Mr. Jemmott, I wish you much success in your future! As a CUNY graduate, I’m glad to hear you go to Queens College. The City University of New York offers opportunity to all those who rise to the challenge, and I believe you did.
Xand makes several reasonable points. However, there are countless resources, many of them free of charge, that are available to anyone and everyone who is applying to a college. For the low income students who are excelling in their high schools, colleges will seek out those students and make them offers which would be practically impossible to refuse. For the below-average and marginal students, there is no shame in attending a local community college and gaining the requisite background/resources to navigate the complexities of college financial aid, etc. Small steps always come before big steps.

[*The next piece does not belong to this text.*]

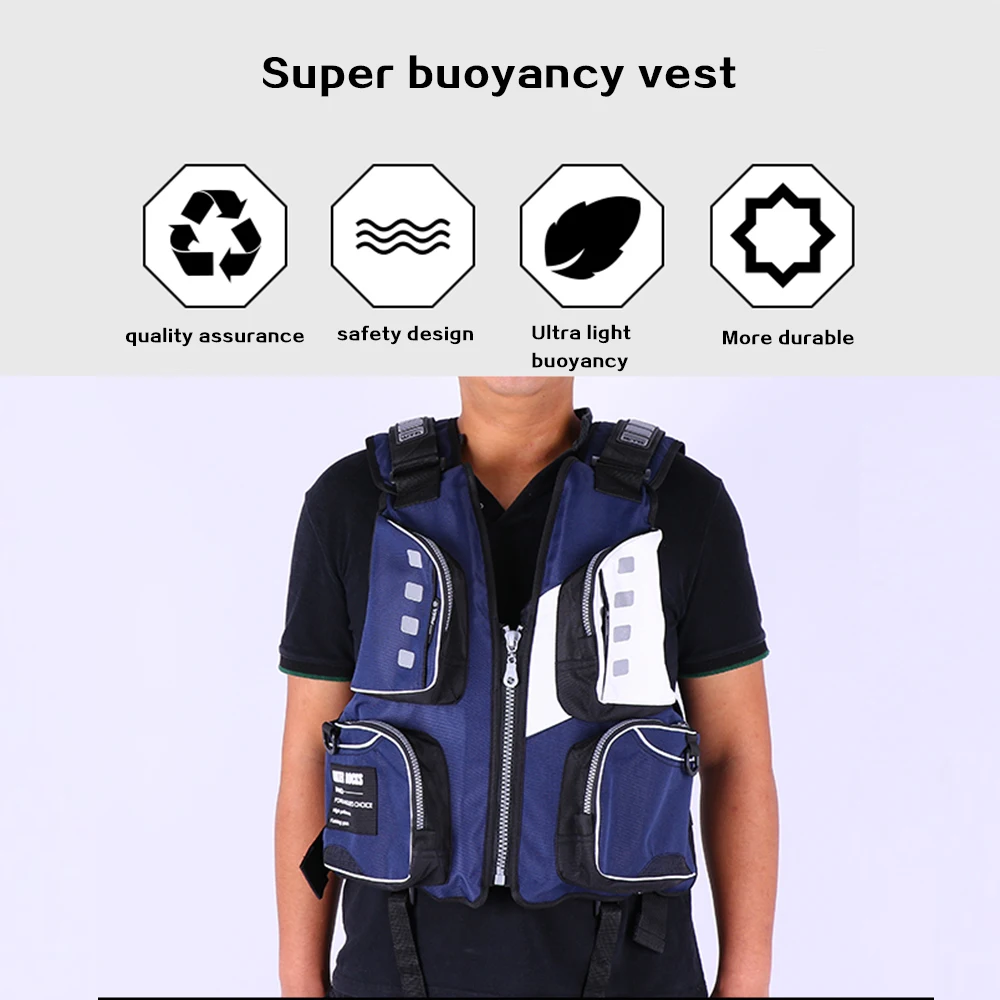2021 hot sale life jacket professional adult fishing swimming rafting multi-function light multi-pocket | Спорт и развлечения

One of my friends, a single mom who had left an abusive husband, had he audacity to try to go to college and improve her life while she was collecting federal benefits. The benefits programs imposed requirements on her that nearly derailed her college education. At one point, she had to go to a mandatory benefits “training” that was the exact same week as finals at school, and no amount of pleading could get the training rescheduled. Most of her state college professors worked with her needs, but she failed and had to retake one class because she couldn’t take the final at the appointed time
I think these comments are effective cause the writers achieved moves , and they actually use actual numbers and experience examples to show the reality in America. The people can’t afford the titution and the reason why school need to take care of the poor students, how the low fees help the poor student in real life.